▶ [ACTIVITY]: Once the line containing "matador droplet xl" is found in the data below, repeat it and every later line exactly, leaving the pictures out.

▶ [Short text fragments from websites]:

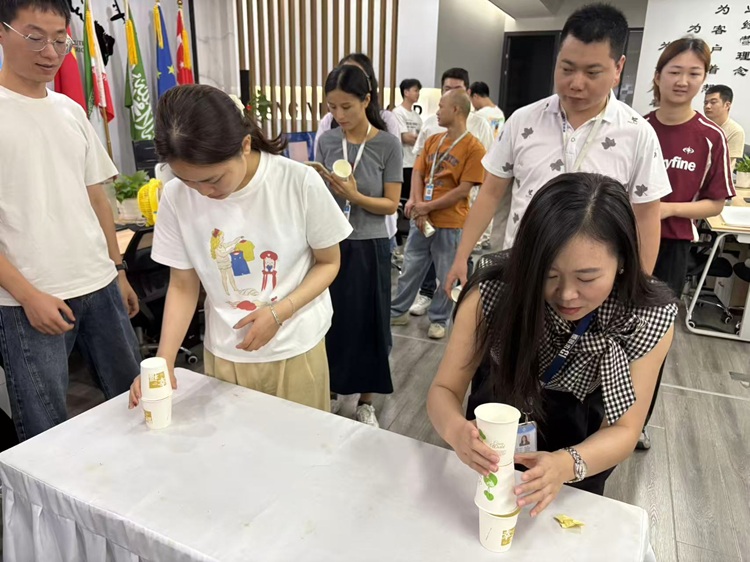 活力早会，“杯” 出精彩｜华邦瀛纸杯叠高 PK 赛纪实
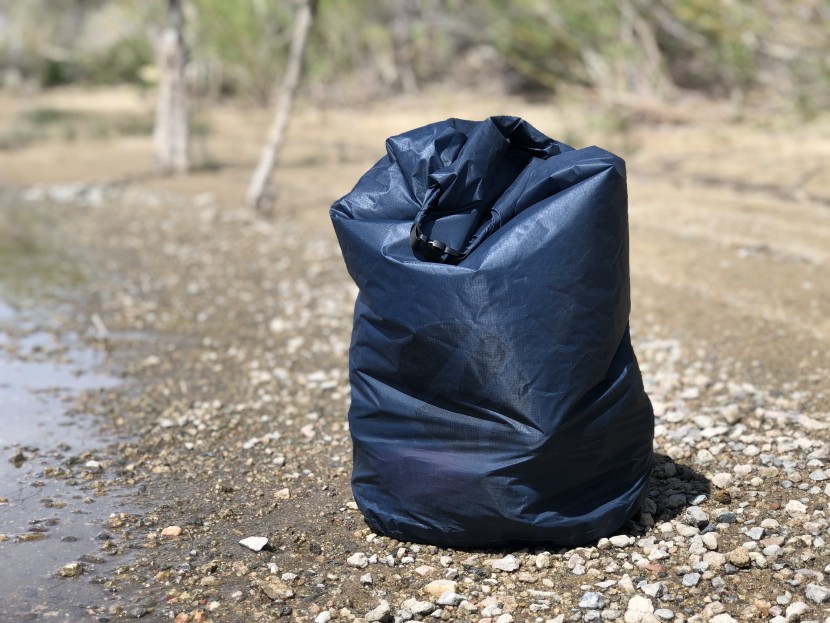 matador droplet xl packable - don't have 20 liters of stuff to bring with? just roll the top down...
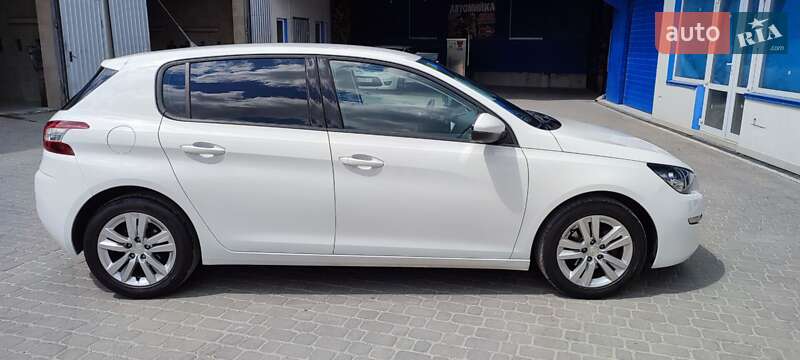Peugeot 308 2015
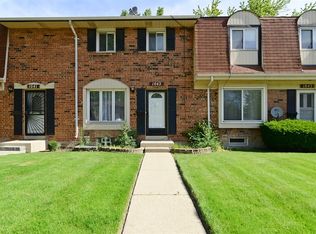 1042 Lioncrest Dr, Richton Park, IL 60471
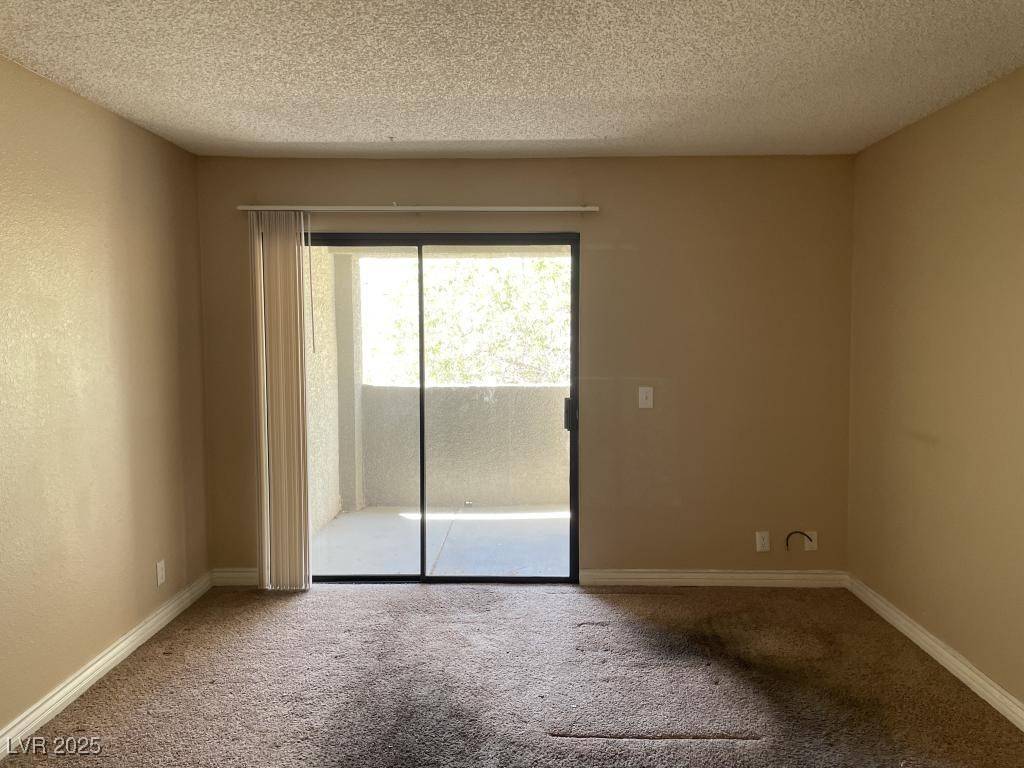 Las Vegas, NV 89128,3151 Soaring Gulls DR #2147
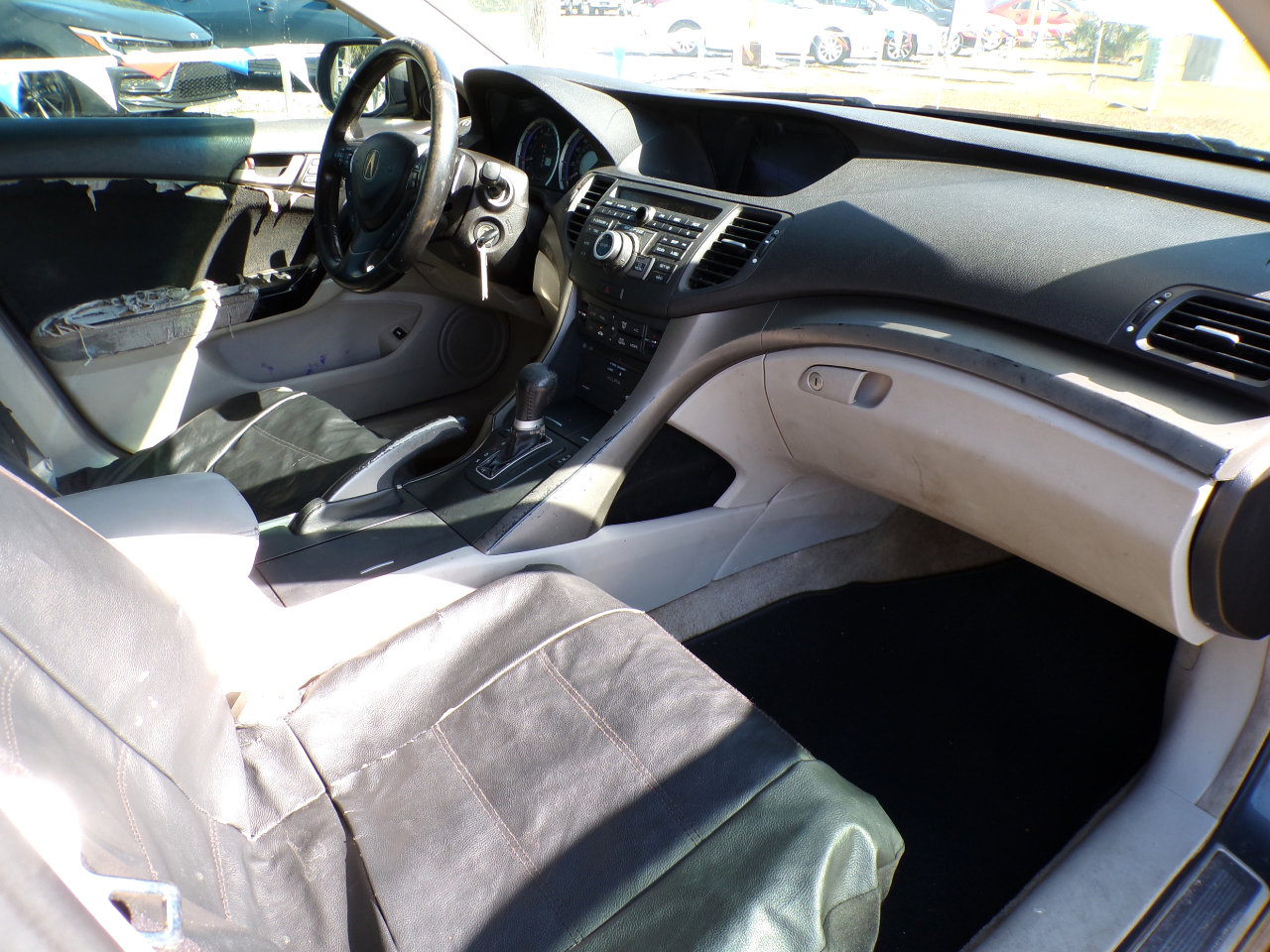 Used 2009 Acura TSX 5-Speed AT with Tech Package image 17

▶ [RESULT OF THIS TASK]:
 matador droplet xl packable - don't have 20 liters of stuff to bring with? just roll the top down...
Peugeot 308 2015
 1042 Lioncrest Dr, Richton Park, IL 60471
 Las Vegas, NV 89128,3151 Soaring Gulls DR #2147
 Used 2009 Acura TSX 5-Speed AT with Tech Package image 17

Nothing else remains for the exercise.